Symmetry-protected coherent transport for diluted vacancies and adatoms in graphene

TL;DR

This paper investigates how certain symmetries in impurities like vacancies and adatoms in graphene influence electron transport, revealing symmetry-protected decoupling effects that suppress impurity scattering under specific conditions.

Contribution

It demonstrates that symmetry considerations can protect certain impurities from contributing to resistivity, providing new insights into impurity effects in graphene transport.

Findings

VAC impurities decouple from Dirac states at charge neutrality.

HS impurities decouple from entire momentum sets, reducing resistivity.

Symmetry protection persists across various impurity models.

Abstract

We study the effects of a low concentration of adatoms or single vacancies in the linear-response transport properties of otherwise clean graphene.
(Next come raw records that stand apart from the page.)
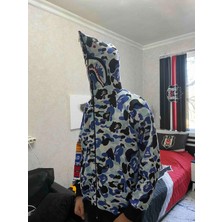 Lavinia Boutiques Unisex Pubg Bape x Shark Hoodie - Gri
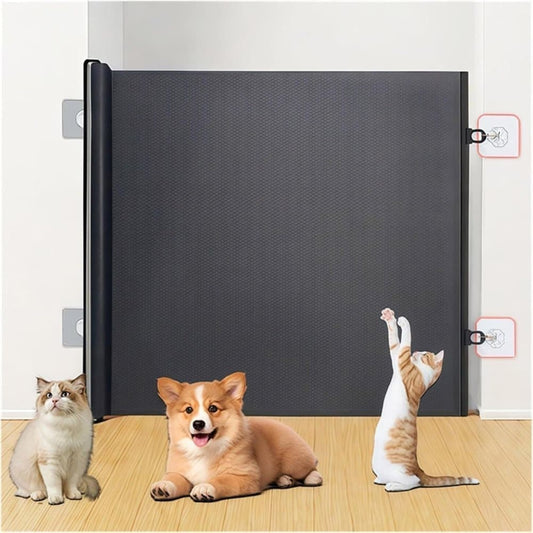 50x125cm Retractable Safety Gate for Dogs and Cats, Portable for Doors and Stairs, with Protective Fence V1188-MS-325-0781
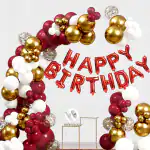 House of Banter White, Gold & Red Birthday Decorations for Girls, Kids Party, Woman, Boys, Couples, Adult- Gold & Red Theme Birthday Decoration Set, White & Red Party Supplies for Birthday, Red Balloons Decoration Combo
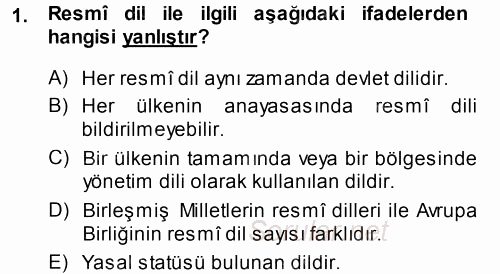 Türk Dili 1 2013 - 2014 Dönem Sonu Sınavı 1.Soru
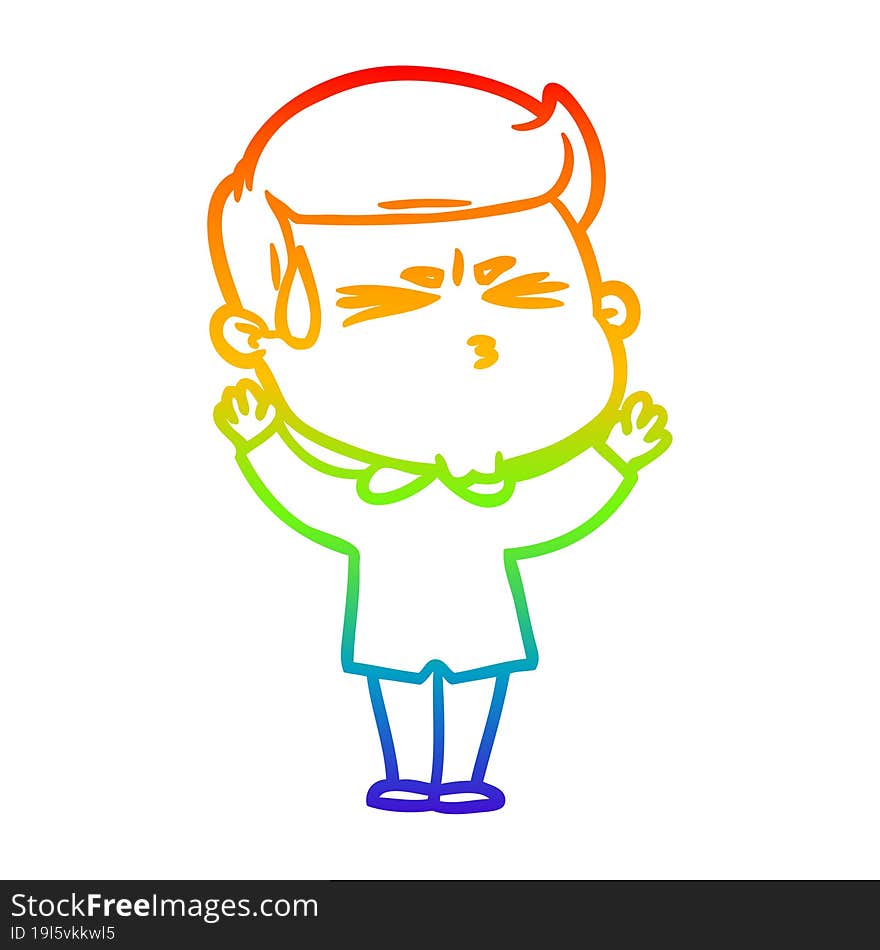 rainbow gradient line drawing cartoon man sweating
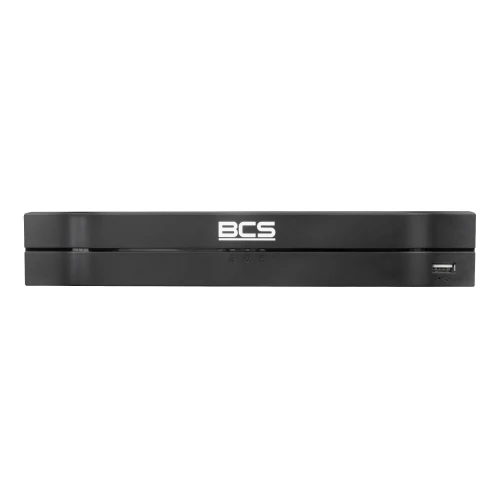 Czarny rejestrator BCS z widocznym logo na przednim panelu, posiada port USB po prawej stronie. Urządzenie ma prosty, nowoczesny design z gładką powierzchnią.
These impurities were treated as localized orbitals, and for each type two cases with distinct coupling symmetries were studied. For adatoms, we considered top- and hollow-site adsorbates (TOP and HS). For vacancies, we studied impurity formation by soft bond reconstruction (REC), as well as the more symmetric case of charge accumulation in unreconstructed vacancies (VAC). Our results indicate that the transport is determined by usual impurity scattering when the graphene-impurity coupling does not possess $C_{3v}$ symmetry (TOP and REC). In contrast, VAC impurities decouple from the electronic states at the Dirac points, and yield no contribution to the resistivity for a sample in charge neutrality. Furthermore, the inversion-symmetry-conserving HS impurities also decouple from entire sets of momenta throughout the Brillouin zone, and do not contribute to the resistivity within a broad range of parameters. These behaviors are protected by $C_{3v}$ and inversion symmetry, respectively, and persist for more general impurity models.